There are three times of year I utterly despise:
1. March. March in Minnesota is worthless. Period.
2. Early April. After a long winter, and a March that generally lasts as long as the other 4 months of winter, early April is about as comforting as a black bear swat across the arse. I’m a huge fan of hunting turkeys during the late season; if you’ve seen a horny tom come running to a seductive purr after all the hens are bred and nesting, you know exactly why I wait. And, to top that off, I generally have a bear hunt lingering around the late-May timeframe. So, sitting around early April waiting for my chance to hunt … while listening to up-to-date stories of others from the field … is hell.
3. Right now.
So far this week, I’ve had to suffer through a picture show of guys limiting on Canada geese in South Dakota and scouting cam photos of bears aggressively working northern Minnesota baits. Heck, I’m supposed to be teaching NAHC Web Editor Josh “Slim” Dahlke how to shoot an arrow straight out of a bow and he’s leaving me for a Maine black bear hunt in a few days.
Meanwhile, I’ll be rocking the khakis back in the office, getting Slim’s boastful texts, daydreaming of hunts to come while I monotonously “X” days off the calendar. This time of year is indeed brutal.

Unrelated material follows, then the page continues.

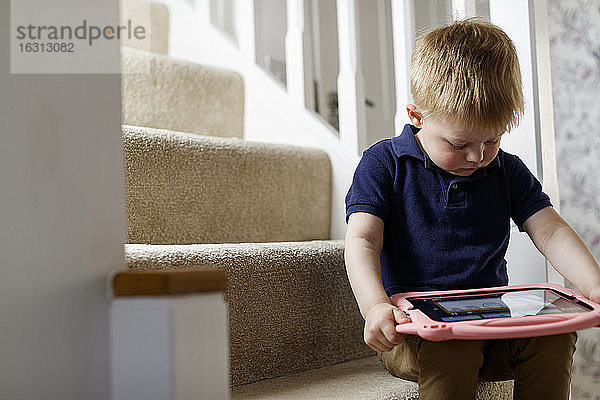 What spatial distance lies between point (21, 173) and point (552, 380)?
0.76 meters

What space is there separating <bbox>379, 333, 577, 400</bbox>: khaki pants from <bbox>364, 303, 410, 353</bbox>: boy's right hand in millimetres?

Now, don’t get me wrong: I try to cope and do more than just pout. I’ve got all my bowhunting stands de-brushed and ready to rock more than a month in advance. Scouting cams are putting in long hours over trails and mineral sites. And my trigger finger is finally getting its annual callous from long hours at the archery range.
But it’s not the same, is it?
There’s something special about being afield with the intent to kill. Sure, I dig spending time in the woods prepping for the season, but it’s not the same as participating in the season. I don’t need to kill, but I need to at least be in the game with that intent to kill. And damnit, this game can’t get started soon enough.
So here’s where this whole group therapy issue comes into play. I crack my knuckles and pick my nose at least twice an hour, and still the clock doesn’t spin fast enough.
How do you cope? I know I’m not alone in this hunting purgatory, so if you’ve got a tip to help me cope, come forth!
And, as always, keep your nose to the wind.